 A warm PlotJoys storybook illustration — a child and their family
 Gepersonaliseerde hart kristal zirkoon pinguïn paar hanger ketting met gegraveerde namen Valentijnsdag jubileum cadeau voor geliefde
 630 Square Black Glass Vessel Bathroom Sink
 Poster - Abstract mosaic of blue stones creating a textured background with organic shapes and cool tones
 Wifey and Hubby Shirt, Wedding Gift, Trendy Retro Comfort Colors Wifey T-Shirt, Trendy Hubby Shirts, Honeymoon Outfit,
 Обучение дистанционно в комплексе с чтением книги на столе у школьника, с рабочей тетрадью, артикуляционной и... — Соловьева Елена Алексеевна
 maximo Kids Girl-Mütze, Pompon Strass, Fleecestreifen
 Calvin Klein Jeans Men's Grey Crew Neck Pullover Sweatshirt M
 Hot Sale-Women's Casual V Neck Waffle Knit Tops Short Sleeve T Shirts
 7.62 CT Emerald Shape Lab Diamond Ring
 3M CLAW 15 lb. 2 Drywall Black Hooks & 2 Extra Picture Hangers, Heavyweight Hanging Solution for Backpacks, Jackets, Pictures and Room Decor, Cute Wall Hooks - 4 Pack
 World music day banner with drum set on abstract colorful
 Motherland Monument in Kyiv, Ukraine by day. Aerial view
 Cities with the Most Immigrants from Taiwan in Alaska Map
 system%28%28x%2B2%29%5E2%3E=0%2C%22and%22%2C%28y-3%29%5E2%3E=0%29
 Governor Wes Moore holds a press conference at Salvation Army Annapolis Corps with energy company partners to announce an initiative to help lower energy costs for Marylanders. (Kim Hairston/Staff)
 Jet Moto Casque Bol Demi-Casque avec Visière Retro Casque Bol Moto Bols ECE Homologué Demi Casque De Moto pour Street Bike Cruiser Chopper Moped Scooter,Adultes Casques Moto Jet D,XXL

# # #

--- How to complete this task ---
Output exactly the leading lines of the data, up to and including the line marked by "Cities with the".

--- Task output ---
 A warm PlotJoys storybook illustration — a child and their family
 Gepersonaliseerde hart kristal zirkoon pinguïn paar hanger ketting met gegraveerde namen Valentijnsdag jubileum cadeau voor geliefde
 630 Square Black Glass Vessel Bathroom Sink
 Poster - Abstract mosaic of blue stones creating a textured background with organic shapes and cool tones
 Wifey and Hubby Shirt, Wedding Gift, Trendy Retro Comfort Colors Wifey T-Shirt, Trendy Hubby Shirts, Honeymoon Outfit,
 Обучение дистанционно в комплексе с чтением книги на столе у школьника, с рабочей тетрадью, артикуляционной и... — Соловьева Елена Алексеевна
 maximo Kids Girl-Mütze, Pompon Strass, Fleecestreifen
 Calvin Klein Jeans Men's Grey Crew Neck Pullover Sweatshirt M
 Hot Sale-Women's Casual V Neck Waffle Knit Tops Short Sleeve T Shirts
 7.62 CT Emerald Shape Lab Diamond Ring
 3M CLAW 15 lb. 2 Drywall Black Hooks & 2 Extra Picture Hangers, Heavyweight Hanging Solution for Backpacks, Jackets, Pictures and Room Decor, Cute Wall Hooks - 4 Pack
 World music day banner with drum set on abstract colorful
 Motherland Monument in Kyiv, Ukraine by day. Aerial view
 Cities with the Most Immigrants from Taiwan in Alaska Map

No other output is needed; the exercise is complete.